2. An LED light assembly comprising: an LED light source;a lens assembly disposed with the LED source, wherein the lens assembly comprises a truncated cone having a central core of air surrounded by a preselected material for use as a lens, wherein the LED light source is disposed near a narrow end of the cone;a substantially textured diffusing surface disposed at a wide end of the truncated cone;a concentric diffuser disposed with the substantially flat textured diffusing surface and opposite the LED light source; anda conductive metal structure attached near the LED light source of the lens assembly.

3. The LED light assembly as in claim 2, wherein the preselected material for use as a lens is a plastic selected from the group consisting of acrylic, polycarbonate (PC), and polymethylmethacrylate (PMMA).

4. The LED light assembly as in claim 2, wherein the concentric diffuser has a textured surface, whereby the substantially textured diffusing surface and the concentric diffuser act in conjunction to smooth the beam pattern of the light emitted from the LED light source to eliminate halo effect.

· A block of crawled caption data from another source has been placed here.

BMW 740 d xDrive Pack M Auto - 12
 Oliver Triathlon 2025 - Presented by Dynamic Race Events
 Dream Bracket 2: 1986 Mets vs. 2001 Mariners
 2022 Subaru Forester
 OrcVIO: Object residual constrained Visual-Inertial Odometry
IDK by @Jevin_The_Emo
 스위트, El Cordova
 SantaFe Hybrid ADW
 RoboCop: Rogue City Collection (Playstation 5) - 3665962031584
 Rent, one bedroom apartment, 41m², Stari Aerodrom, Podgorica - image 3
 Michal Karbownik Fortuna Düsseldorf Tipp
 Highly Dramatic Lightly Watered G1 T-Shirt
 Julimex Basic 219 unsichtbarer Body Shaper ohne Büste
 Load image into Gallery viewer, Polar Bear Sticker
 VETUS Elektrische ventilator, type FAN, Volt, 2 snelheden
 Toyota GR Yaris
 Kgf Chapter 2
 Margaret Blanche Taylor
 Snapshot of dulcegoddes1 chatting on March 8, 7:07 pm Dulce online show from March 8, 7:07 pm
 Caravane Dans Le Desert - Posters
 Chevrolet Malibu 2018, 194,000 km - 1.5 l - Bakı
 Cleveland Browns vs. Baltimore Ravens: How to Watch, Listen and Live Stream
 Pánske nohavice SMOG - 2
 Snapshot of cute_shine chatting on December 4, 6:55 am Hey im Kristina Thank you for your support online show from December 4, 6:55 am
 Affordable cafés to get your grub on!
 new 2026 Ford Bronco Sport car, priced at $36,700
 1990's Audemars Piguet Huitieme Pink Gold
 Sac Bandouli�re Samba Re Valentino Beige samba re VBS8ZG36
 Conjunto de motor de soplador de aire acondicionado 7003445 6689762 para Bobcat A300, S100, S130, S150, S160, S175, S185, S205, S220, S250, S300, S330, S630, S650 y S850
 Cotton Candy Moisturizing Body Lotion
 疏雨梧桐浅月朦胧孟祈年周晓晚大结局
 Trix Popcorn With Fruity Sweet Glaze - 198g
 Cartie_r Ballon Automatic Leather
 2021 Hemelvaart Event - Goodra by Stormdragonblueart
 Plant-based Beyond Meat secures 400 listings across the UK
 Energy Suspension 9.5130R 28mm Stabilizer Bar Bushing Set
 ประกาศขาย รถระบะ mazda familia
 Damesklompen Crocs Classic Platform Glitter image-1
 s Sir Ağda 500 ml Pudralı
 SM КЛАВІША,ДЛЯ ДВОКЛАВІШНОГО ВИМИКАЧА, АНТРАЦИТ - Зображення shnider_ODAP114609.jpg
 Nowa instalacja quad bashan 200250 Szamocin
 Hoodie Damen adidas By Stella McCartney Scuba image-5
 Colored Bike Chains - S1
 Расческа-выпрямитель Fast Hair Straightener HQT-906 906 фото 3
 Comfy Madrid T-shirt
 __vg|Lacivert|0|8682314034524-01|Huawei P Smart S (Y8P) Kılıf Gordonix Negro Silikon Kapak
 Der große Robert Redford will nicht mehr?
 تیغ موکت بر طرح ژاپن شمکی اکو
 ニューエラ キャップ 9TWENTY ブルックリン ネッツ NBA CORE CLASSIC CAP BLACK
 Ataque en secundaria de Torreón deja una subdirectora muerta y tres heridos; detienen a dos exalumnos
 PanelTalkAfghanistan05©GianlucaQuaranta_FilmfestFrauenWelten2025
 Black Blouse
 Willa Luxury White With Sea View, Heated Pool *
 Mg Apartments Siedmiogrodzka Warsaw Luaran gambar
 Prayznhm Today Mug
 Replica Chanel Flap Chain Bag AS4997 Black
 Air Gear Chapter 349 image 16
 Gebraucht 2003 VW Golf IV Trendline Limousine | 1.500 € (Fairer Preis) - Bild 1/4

5. The LED light assembly as in claim 2, wherein edges of the truncated cone create a total internal reflection surface (TIR).

6. The LED light assembly as in claim 2, wherein the conductive metal structure comprises electrically conductive and heat dissipative materials.

7. The LED light assembly as in claim 6, wherein the conductive metal structure provides a bayonet mount to facilitate removable attachment of the LED light source to a light socket for providing electrical contact to an existing electrical circuit.